Section I contains 40 multiple choice questions with a 90 minute time limit, all answered independently. There is no penalty for wrong answers, so every question should be answered. The raw correct count is weighted to contribute exactly 50% of the composite. A graphing calculator is required and permitted throughout Section I.
Why does the AP Statistics pass rate sit lower than other AP exams?
AP Statistics consistently produces a pass rate near 60 to 62%, lower than AP Biology (approximately 70%) and many AP humanities subjects, per College Board's annual score distribution data. The gap is attributable to the particular skills the exam demands: writing inference conclusions with full context, justifying all conditions for inference, and integrating multiple statistical concepts in the Investigative Task. These skills are challenging to develop under timed conditions, even for students who understand the procedures.

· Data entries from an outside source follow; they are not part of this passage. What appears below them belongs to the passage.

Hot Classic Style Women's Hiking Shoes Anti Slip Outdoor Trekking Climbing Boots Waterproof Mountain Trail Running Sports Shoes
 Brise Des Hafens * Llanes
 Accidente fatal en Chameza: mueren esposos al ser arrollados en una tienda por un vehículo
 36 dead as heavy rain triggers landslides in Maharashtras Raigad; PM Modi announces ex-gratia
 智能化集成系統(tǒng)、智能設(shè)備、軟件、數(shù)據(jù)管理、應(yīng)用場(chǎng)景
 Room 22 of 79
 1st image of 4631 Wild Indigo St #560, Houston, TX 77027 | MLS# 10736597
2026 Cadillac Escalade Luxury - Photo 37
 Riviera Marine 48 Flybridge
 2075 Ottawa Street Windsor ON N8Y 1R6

Why does the AP Statistics curve change every year?
College Board runs a standard setting process each year that anchors composite boundaries for each AP grade to the difficulty of prior administrations. This keeps a score of 4 on one year's exam comparable in meaning to a 4 on a prior year's exam, even if one year's questions happened to be harder or easier. There is no fixed percentage of students who receive each grade.
Where can I find official AP Statistics scoring guidelines?
This page links directly to College Board's hosted scoring guidelines for 2021 through 2025. The 2023 through 2025 guidelines are also listed on the official past exam questions page at apcentral.collegeboard.org/courses/ap-statistics/exam/past-exam-questions. For 2020 and earlier, use the archive hub on that same page. Pair each year's scoring guidelines with the matching free response booklet from the free response questions page to practice grading your own responses.